- Born: Hiroshi Ikeda (池田 裕; Ikeda Hiroshi) January 8, 1950 (age 76) Tokyo, Japan
- Style: Aikido
- Teacher: Mitsugi Saotome
- Rank: 8th dan (shihan)

Other information
- Notable students: Tres Hofmeister
- Notable club: Aikido Schools of Ueshiba
- Website: https://www.boulderaikikai.org/

= Hiroshi Ikeda (aikidoka) =

Japanese aikido teacher

Hiroshi Ikeda (池田 裕|Ikeda Hiroshi; born January 8, 1950) is a Japanese aikido teacher based in the Boulder, CO. He holds the rank of 8th dan (shihan) from the Aikikai. He is a senior student of Mitsugi Saotome and is affiliated with the Aikido Schools of Ueshiba (ASU).

Ikeda was born in Tokyo and began studying aikido in 1968 while attending Kokugakuin University. He relocated to Sarasota, Florida, in 1976 and taught there under Saotome from 1978 to 1979.

In 1980, Ikeda moved to Boulder, Colorado, where he established https://www.boulderaikikai.org/ under Saotome's ASU organization. Boulder Aikikai describes itself as having been established by Ikeda in 1980 and as being affiliated with the Aikido World Headquarters in Tokyo through the Aikido Shimbokukai.

Ikeda continues to teach at Boulder Aikikai and travels internationally to conduct aikido seminars. Boulder Aikikai publishes a schedule of his seminars and special teaching engagements.

== Scheduled seminars ==

As of 17 September 2026, Ikeda's official seminar schedule lists the following upcoming engagements:

- 18–20 September 2026: Bond Street Dojo, New York City, United States.
- 13–15 November 2026: Shindai Aikido, Orlando, Florida, United States.
- 18–20 December 2026: Arizona Aikido, Phoenix, Arizona, United States.
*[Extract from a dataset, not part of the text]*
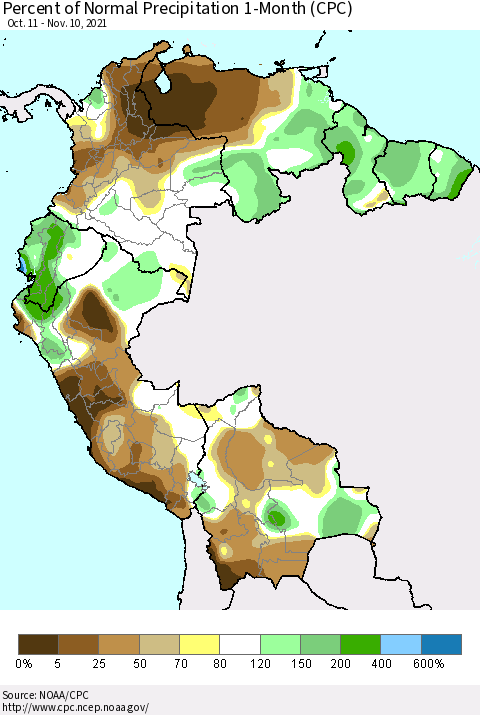 Northern South America Percent of Normal Precipitation 1-Month (CPC) Thematic Map For 10/11/2021 - 11/10/2021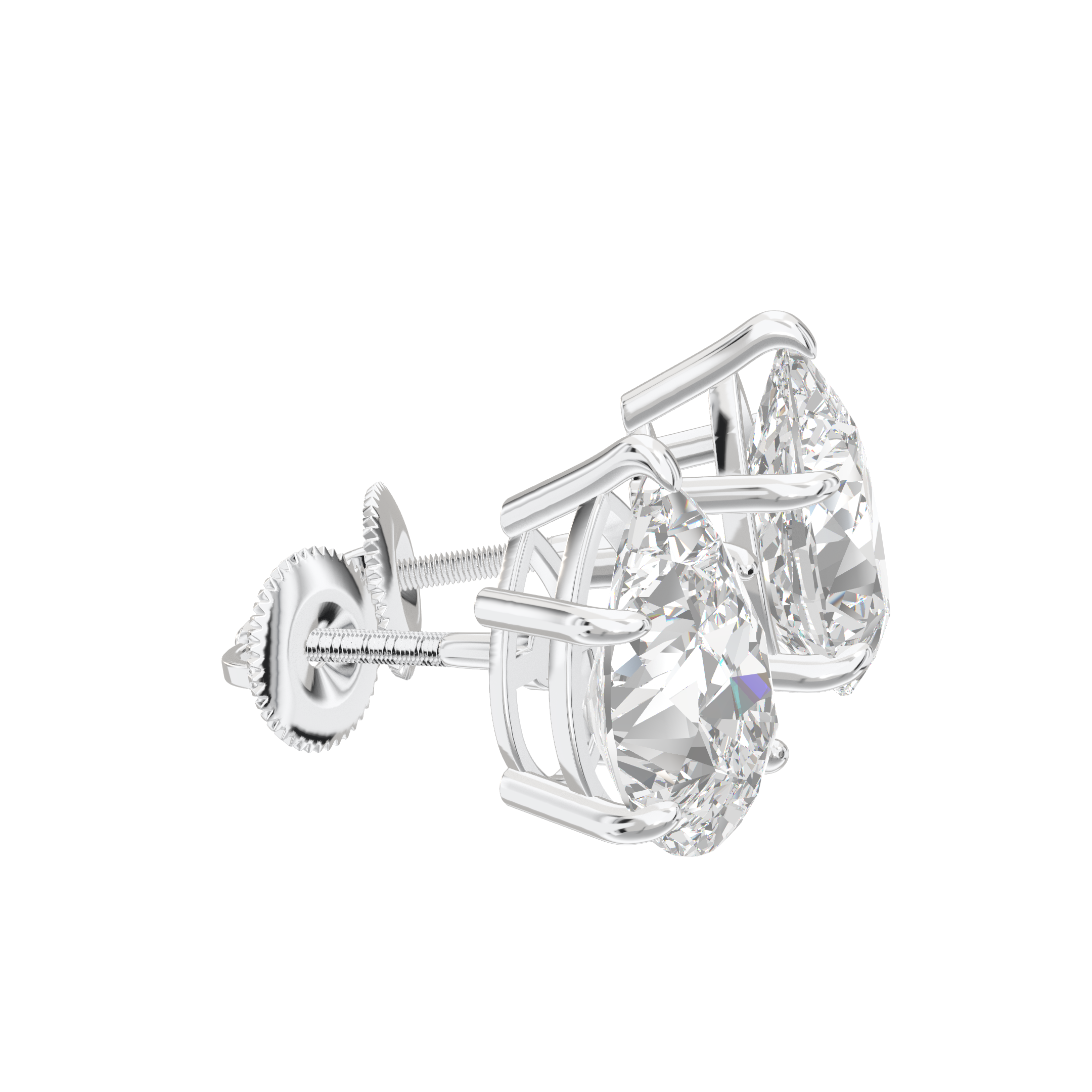 Eve Pear Radiant Three-Prong Martini Stud 3 ct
== Historical Seminars and public demonstrations ==

- In April 1982, Ikeda, then a fifth-degree black belt, taught an aikido seminar at the University of Montana, followed by a public demonstration.
- In September and October 1991, he taught a three-day seminar for the Sarasota/New College AikiKai at New College of Florida in Sarasota, Florida, where he had founded his first American dojo.
- In October 2000, Ikeda led a seminar at the Sanders Beach Recreation Center in Pensacola, Florida.
- In March 2011, Ikeda taught a three-day seminar at Aikido of Tamalpais in Corte Madera, California.
- In August 2014, he returned to Aikido of Tamalpais for a seminar held from August 7 to 10.
- In May 2023, Ikeda taught at an Aikido Summer Seminar hosted by Aikido Kenkyukai in Los Angeles at Aikido Kenkyukai 2936 West 8th Street, Los Angeles.
- Aikido of Tamalpais advertised further Ikeda seminars in January 2023 and January 2025.
- Boulder Aikikai's published schedule lists Ikeda teaching at Aikido of Tamalpais in January 2026 and again in August 2026. Aikido of Tamalpais currently lists Ikeda as a future guest instructor for January 2027.